The Age of Doubt
Author | Andrea Camilleri |
---|---|
Original title | L'età del dubbio |
Translator | Stephen Sartarelli |
Language | Italian/Sicilian |
Series | Inspector Salvo Montalbano, #14 |
Genre | Crime, Mystery novel |
Publication date | 23 October 2008 |
Publication place | Italy, Sicily |
Published in English | 2012 |
Media type | Print (Hardcover, Paperback) |
Pages | 288 |
ISBN | 978-0-14-312092-6 (Eng. trans.) |
Preceded by | The Potter's Field |
The Age of Doubt (orig. Italian: L'età del dubbio) is a 2008 novel by Andrea Camilleri, translated into English in 2012 by Stephen Sartarelli. It is the fourteenth novel in the internationally popular Inspector Montalbano series.
Plot
Inspector Montalbano has a dream in between the tragic and the ridiculous, which reveals his recurring thoughts about death and his relationship with Livia.
In the dream, he's witnessing his own funeral, Catarella himself tells him that he's dead. Attending the funeral are the usual police investigators: Coroner Dr. Pasquano, who grumpily refuses to give details on the deceased before the autopsy, Questor[1] Bonetti-Alderighi, who does not authorize Montalbano to investigate his own death, and his friend Mimì Augello. They are all there, except for one person: Livia, his girlfriend. An irritated Montalbano phones her and she calmly tells him that she won't have time to attend the funeral and that, to say it plainly, she will in fact seize this unique opportunity, his death, to extricate herself from an overlong relationship and look for pastures new.

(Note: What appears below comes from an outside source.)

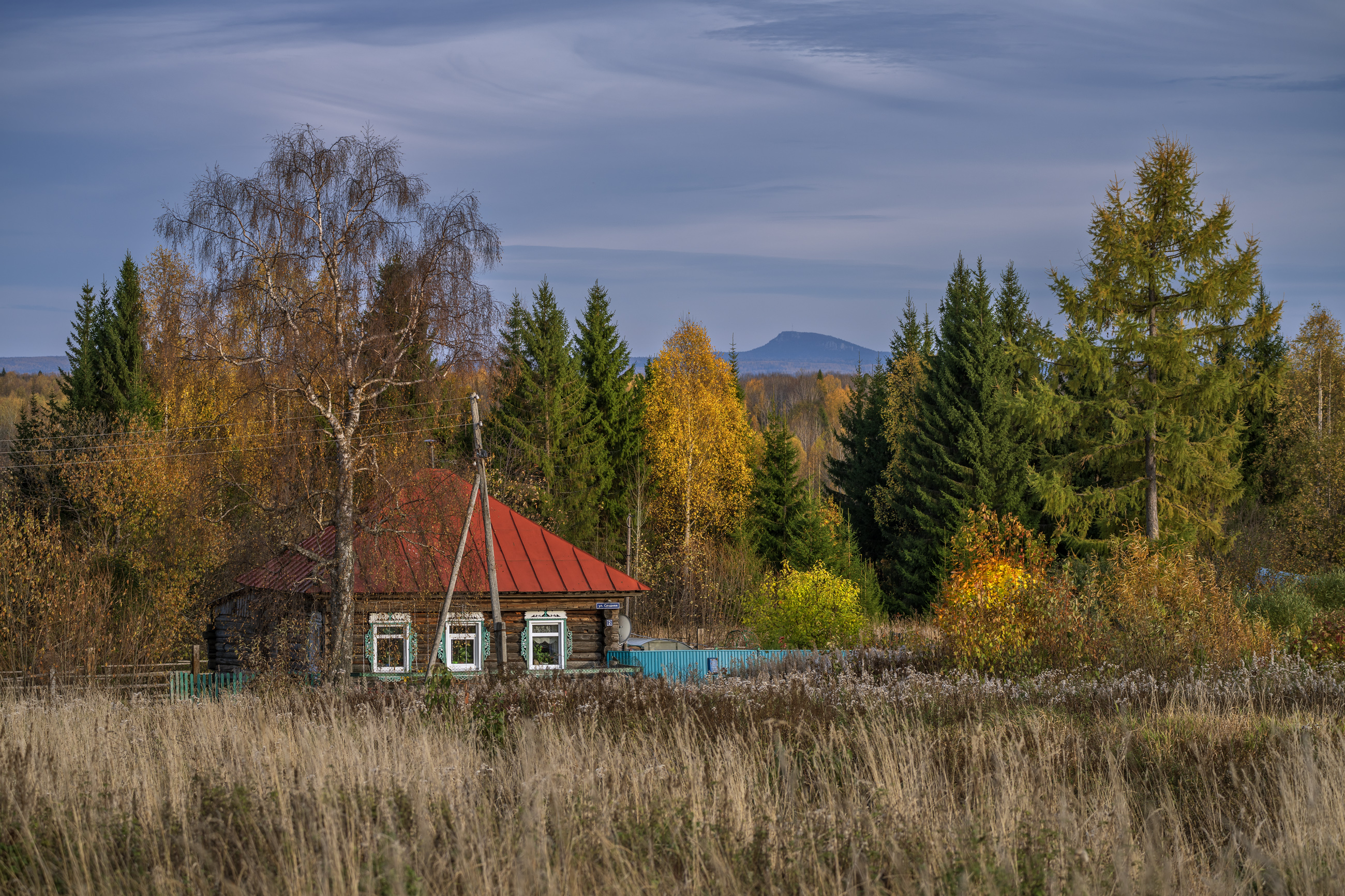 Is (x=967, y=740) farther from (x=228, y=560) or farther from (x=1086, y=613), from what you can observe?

A loud noise wakes Montalbano, caused by the stormy sea. The sea and the port of Vigata become the setting of Montalbano's new investigation, involving two vessels moored side by side at the Vigata docks: a powerful speedboat and the "Vanna", a luxury yacht whose crew has found a dinghy at sea carrying a disfigured man killed by poison.
Montalbano suspects foul play involving some of the vessels' crews and asks for the collaboration of a female officer of the Port Authorities: enter Laura, a beautiful and intelligent young woman who falls desperately in love with the Inspector, who loses his heart to her, like a passionate teenager.
Action and introspection alternate in this 14th novel, which sees Montalbano wrestling with doubts and existential thoughts whilst trying to resolve a complicated case of diamond trafficking.
References
- ^ The Italian senior post of "Questor" is similar to a regional Commissioner or Chief of Police.